- _Records for the task_
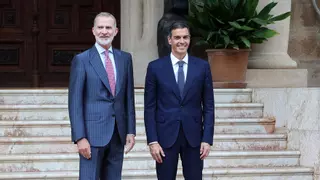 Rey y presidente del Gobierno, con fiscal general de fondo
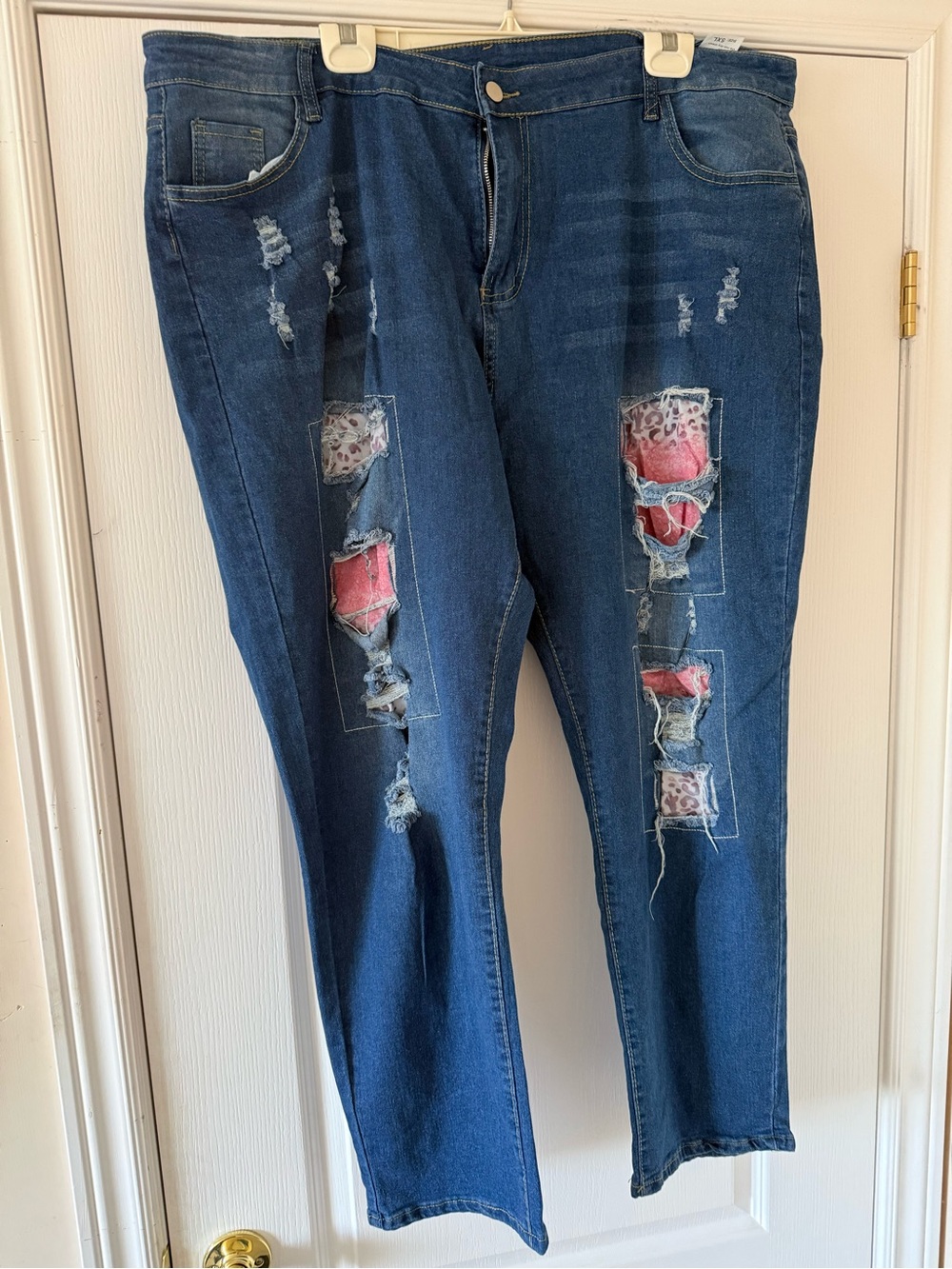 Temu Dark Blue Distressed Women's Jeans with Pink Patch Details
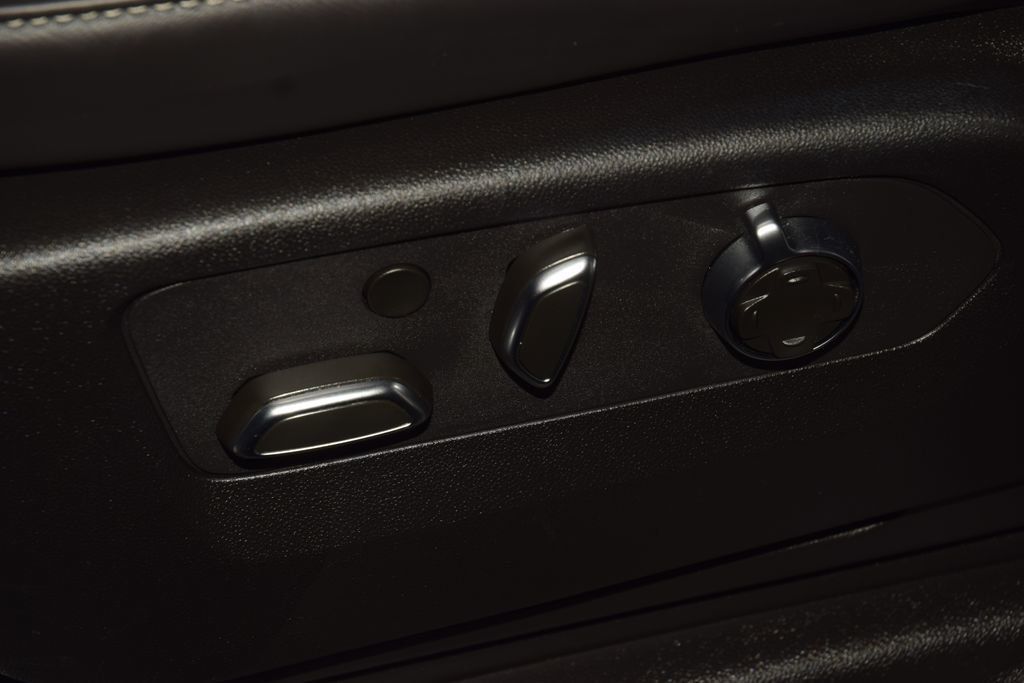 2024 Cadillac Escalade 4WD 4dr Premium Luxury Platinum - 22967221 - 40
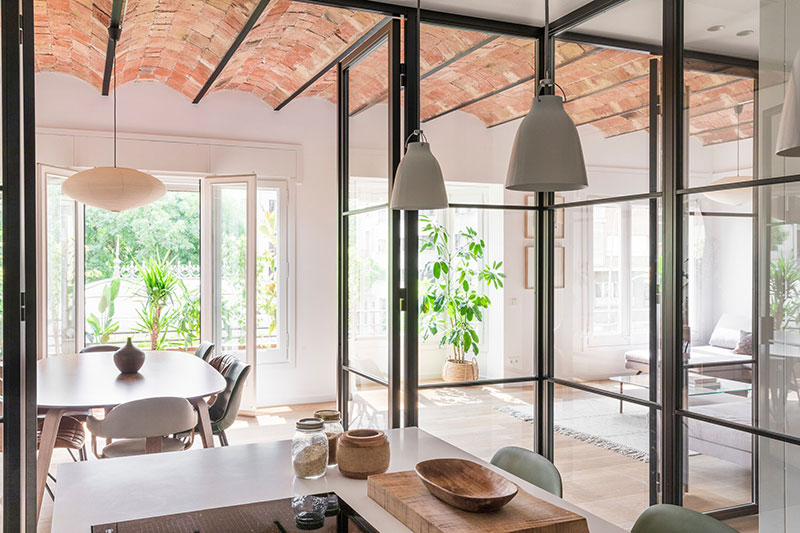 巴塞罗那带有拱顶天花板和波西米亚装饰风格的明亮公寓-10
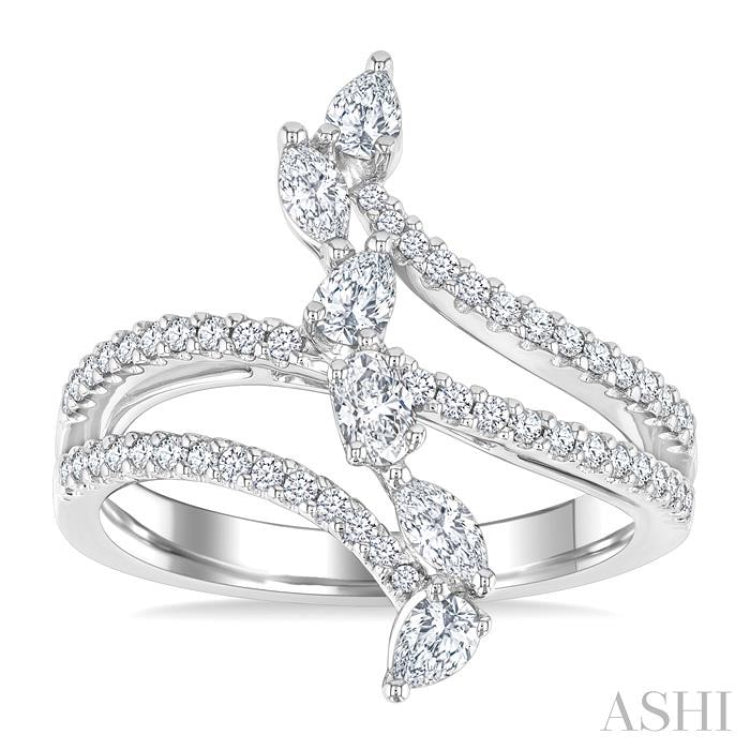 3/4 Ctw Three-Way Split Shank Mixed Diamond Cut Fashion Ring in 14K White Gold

- _Problem_
Could the lines from the one with "Temu Dark Blue" through the last line of the material above be written out exactly, both included, with pictures left out?

- _Your response_
 Temu Dark Blue Distressed Women's Jeans with Pink Patch Details
 2024 Cadillac Escalade 4WD 4dr Premium Luxury Platinum - 22967221 - 40
 巴塞罗那带有拱顶天花板和波西米亚装饰风格的明亮公寓-10
 3/4 Ctw Three-Way Split Shank Mixed Diamond Cut Fashion Ring in 14K White Gold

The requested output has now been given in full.